Japanese master Ryoji Ikeda returns with his seventh solo album of meticulous sound, and the first installment of his “datamatics”series, which interrogates and interprets the mass of raw computer data surrounding us all. Few are as equipped as Ikeda to materialize raw zeros and ones into sonic information: he’s spent the better part of an 11-year career aping the sounds of heart monitors, dot-matrix printers and spinning hard drives. dataplex weaves thrillingly tight compositions from these threads, while at the same time pushing Ikeda’s austere palette in exciting new directions.

Ikeda lays out his tools like a surgeon over the first eight tracks. All his favorite toys are lined up: jaw-clenching high frequencies, bottomless rumbles, skittering taps across your ears, chattering machinations around the middle range, shocks of white noise. Playful and precise, dataplex begins at once technological and yet with an unmistakable personality. Moving along, however, the high frequency evolves into a spacious ping. The churning rumble becomes a nimble rhythmic bounce. Ikeda shaves down the harsh edges and pushes these raw sounds into funky stutters and vibrant masses.

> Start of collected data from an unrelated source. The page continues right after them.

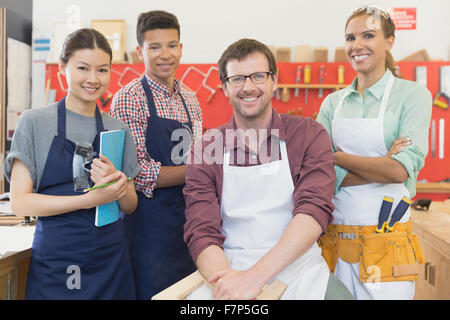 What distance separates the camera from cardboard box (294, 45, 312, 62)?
396 cm

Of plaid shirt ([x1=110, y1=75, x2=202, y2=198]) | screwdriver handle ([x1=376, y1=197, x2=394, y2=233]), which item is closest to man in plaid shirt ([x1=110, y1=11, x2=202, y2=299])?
plaid shirt ([x1=110, y1=75, x2=202, y2=198])

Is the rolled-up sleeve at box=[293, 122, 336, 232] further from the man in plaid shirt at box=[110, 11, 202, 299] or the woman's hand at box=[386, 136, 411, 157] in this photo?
the man in plaid shirt at box=[110, 11, 202, 299]

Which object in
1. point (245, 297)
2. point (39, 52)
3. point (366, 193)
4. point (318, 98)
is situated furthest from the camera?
point (39, 52)

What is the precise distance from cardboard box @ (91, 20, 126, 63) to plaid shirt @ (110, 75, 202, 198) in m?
2.68

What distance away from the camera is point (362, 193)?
1433mm

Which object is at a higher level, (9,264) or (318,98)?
(318,98)

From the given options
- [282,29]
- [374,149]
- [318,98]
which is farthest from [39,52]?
[374,149]

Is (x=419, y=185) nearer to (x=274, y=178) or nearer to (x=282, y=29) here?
(x=282, y=29)

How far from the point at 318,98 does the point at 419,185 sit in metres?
1.27

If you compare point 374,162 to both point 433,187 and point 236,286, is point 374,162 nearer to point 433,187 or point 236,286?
point 236,286

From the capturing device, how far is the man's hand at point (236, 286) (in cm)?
105

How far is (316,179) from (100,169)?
2.30 feet

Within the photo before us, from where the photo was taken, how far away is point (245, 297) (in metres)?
1.05

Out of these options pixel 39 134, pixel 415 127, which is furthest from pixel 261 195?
pixel 39 134
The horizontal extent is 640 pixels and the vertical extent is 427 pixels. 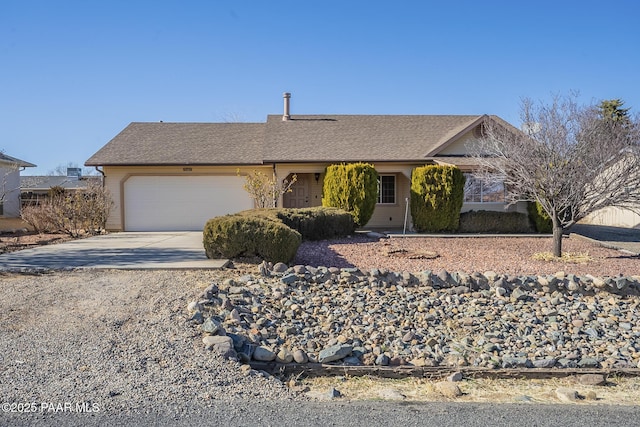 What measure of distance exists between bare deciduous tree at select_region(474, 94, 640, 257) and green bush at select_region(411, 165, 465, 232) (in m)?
4.22

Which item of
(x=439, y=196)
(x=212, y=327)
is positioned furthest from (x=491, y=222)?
(x=212, y=327)

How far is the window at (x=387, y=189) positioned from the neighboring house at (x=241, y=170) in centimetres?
4

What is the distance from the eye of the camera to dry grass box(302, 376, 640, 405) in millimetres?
5091

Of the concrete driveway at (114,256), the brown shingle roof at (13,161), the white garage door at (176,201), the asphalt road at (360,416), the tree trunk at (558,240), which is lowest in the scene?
the asphalt road at (360,416)

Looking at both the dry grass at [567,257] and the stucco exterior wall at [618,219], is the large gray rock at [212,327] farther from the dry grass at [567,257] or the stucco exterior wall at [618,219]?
the stucco exterior wall at [618,219]

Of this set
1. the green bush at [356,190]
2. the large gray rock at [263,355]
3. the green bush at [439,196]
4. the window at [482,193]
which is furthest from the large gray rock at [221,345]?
the window at [482,193]

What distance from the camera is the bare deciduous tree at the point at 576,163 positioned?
11122 mm

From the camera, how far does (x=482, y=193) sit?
18359 mm

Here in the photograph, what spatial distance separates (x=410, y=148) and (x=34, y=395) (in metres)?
16.6

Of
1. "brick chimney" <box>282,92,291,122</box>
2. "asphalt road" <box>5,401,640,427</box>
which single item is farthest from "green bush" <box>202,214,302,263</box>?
"brick chimney" <box>282,92,291,122</box>

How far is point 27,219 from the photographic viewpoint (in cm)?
1780

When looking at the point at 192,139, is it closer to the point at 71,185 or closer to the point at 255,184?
the point at 255,184

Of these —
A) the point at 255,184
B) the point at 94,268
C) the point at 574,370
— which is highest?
the point at 255,184

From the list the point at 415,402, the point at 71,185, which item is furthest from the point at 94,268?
the point at 71,185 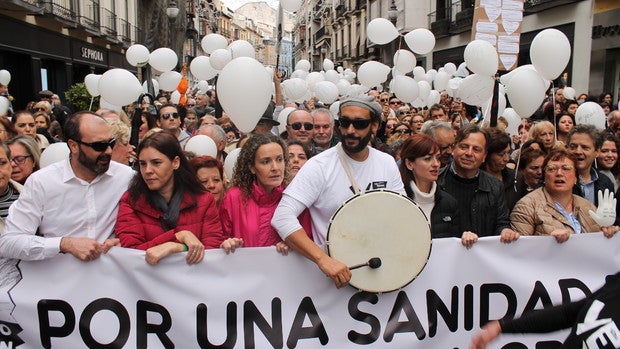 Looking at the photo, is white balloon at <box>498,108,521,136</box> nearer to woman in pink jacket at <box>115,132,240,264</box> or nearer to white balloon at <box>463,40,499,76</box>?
white balloon at <box>463,40,499,76</box>

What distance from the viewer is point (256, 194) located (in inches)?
129

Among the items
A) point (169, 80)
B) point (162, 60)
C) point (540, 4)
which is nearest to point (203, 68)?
point (162, 60)

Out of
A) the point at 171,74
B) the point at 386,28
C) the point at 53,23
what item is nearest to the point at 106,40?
the point at 53,23

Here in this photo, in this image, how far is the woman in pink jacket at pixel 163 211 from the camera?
3.00 metres

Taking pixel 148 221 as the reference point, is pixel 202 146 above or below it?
above

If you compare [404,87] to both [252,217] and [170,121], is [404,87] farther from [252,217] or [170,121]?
[252,217]

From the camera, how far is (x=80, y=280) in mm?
3062

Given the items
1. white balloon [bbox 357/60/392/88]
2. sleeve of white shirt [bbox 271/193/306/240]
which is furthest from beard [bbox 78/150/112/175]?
white balloon [bbox 357/60/392/88]

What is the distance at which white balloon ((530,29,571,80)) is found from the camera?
19.8ft

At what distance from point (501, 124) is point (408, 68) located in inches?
133

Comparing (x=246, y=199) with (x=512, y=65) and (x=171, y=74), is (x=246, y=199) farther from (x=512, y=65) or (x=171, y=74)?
(x=171, y=74)

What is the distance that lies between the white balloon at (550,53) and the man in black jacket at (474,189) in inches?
100

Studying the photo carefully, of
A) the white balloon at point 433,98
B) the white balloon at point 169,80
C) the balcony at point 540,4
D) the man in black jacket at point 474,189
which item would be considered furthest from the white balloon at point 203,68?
the balcony at point 540,4

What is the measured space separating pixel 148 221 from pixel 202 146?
6.36ft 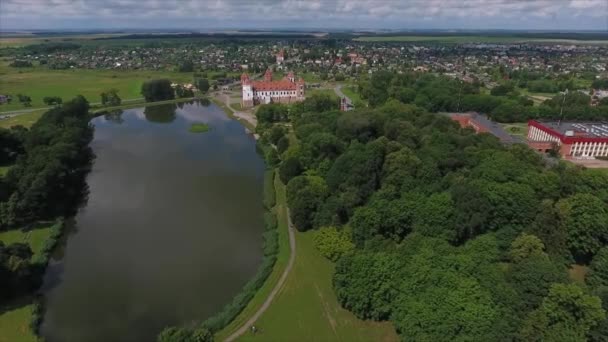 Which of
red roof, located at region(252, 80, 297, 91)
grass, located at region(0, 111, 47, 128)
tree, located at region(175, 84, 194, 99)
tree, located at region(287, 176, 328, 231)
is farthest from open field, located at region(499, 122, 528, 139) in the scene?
grass, located at region(0, 111, 47, 128)

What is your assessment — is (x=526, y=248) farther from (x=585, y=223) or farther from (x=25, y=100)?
(x=25, y=100)

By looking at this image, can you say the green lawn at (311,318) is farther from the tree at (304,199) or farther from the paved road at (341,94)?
the paved road at (341,94)

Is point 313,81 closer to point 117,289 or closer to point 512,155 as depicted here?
point 512,155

In Ikeda’s own circuitous and clipped way, dataplex drives to its wonderful conclusion by expanding even further. From inconsequential code and dramatic silence, alien patterns emerge and mesh into an entirely new landscape. The passing glances to dance beats and ambient washes give way to a submerged environment within which Michael Morley's Gate might even float about comfortably.

So many of Ikeda’s compositions manipulate space with unexpected transitions and harsh contrasts. The album’s penultimate track, the 10-minute summation “data.matrix,” builds these contrasts and then rubs them together into a seamless whole. Ikeda concludes with a conceptual bit of techie trickery; after parsing and building and shaping his data, his guiding hand recedes into the background, leaving the CD player struggling to wrestle pure data. (Warning: most CD-ROM drives will fail miserably.)

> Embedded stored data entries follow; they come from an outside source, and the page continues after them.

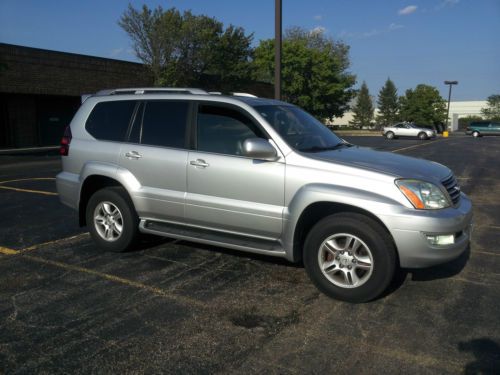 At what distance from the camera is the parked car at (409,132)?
40.7 meters

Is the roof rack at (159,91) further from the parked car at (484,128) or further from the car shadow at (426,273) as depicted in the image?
the parked car at (484,128)

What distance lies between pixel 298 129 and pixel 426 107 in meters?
75.8

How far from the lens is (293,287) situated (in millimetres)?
4406

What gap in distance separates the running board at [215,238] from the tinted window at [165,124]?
896 millimetres

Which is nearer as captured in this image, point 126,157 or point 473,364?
point 473,364

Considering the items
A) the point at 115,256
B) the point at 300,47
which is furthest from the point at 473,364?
the point at 300,47

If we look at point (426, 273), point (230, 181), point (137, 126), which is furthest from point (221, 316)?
point (137, 126)

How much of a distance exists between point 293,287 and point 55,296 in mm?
2182

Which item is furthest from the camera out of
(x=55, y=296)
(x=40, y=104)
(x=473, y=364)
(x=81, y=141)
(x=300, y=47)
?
(x=300, y=47)

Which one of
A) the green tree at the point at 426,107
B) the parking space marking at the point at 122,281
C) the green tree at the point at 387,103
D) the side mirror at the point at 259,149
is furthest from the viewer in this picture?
the green tree at the point at 387,103

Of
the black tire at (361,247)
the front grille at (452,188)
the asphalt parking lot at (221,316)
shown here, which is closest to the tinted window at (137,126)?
the asphalt parking lot at (221,316)

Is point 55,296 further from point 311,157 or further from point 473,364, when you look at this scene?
point 473,364

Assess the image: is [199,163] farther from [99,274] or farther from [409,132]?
[409,132]

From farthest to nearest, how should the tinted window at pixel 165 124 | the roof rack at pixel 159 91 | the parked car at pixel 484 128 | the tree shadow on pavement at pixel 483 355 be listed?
1. the parked car at pixel 484 128
2. the roof rack at pixel 159 91
3. the tinted window at pixel 165 124
4. the tree shadow on pavement at pixel 483 355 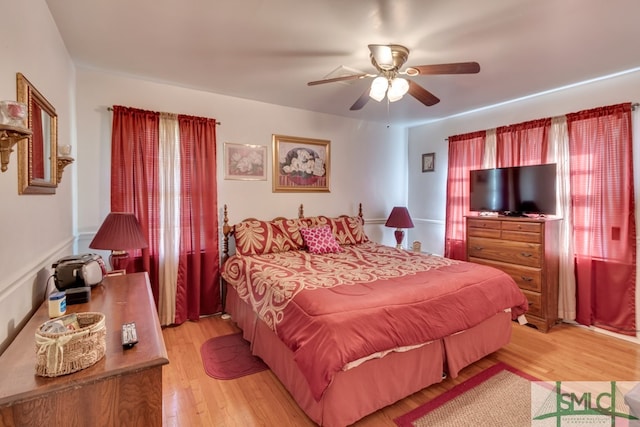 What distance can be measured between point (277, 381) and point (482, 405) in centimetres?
140

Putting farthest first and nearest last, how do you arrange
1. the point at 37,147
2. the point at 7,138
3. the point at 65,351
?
the point at 37,147, the point at 7,138, the point at 65,351

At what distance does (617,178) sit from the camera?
2.87m

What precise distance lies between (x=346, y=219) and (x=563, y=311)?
260 cm

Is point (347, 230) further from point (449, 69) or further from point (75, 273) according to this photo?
point (75, 273)

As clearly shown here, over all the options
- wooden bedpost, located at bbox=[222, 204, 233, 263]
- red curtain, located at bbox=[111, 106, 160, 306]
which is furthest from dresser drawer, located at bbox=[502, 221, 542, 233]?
red curtain, located at bbox=[111, 106, 160, 306]

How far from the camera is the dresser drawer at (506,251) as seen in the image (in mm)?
3109

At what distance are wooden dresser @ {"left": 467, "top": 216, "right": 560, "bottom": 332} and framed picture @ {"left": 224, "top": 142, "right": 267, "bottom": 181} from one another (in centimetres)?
275

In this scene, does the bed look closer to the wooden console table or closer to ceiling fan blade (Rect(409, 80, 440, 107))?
the wooden console table

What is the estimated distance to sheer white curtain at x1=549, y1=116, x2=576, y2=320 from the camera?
10.5ft

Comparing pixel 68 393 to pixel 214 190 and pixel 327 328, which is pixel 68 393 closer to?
pixel 327 328

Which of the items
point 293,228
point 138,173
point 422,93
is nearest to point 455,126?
point 422,93

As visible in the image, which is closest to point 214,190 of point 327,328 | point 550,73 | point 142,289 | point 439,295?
point 142,289

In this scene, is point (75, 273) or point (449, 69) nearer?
point (75, 273)

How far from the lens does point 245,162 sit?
366cm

Ikeda frequently questions the role of source and composer; his music may sound random or at least arbitrarily constructed. On datacomplex, he shows his face more clearly than ever before. Considering that “datamatics” promises to be a series of audio and visual creations, no doubt Ikeda sees infinite possibility in streams of modern source code. dataplex is a surprising and enthralling start.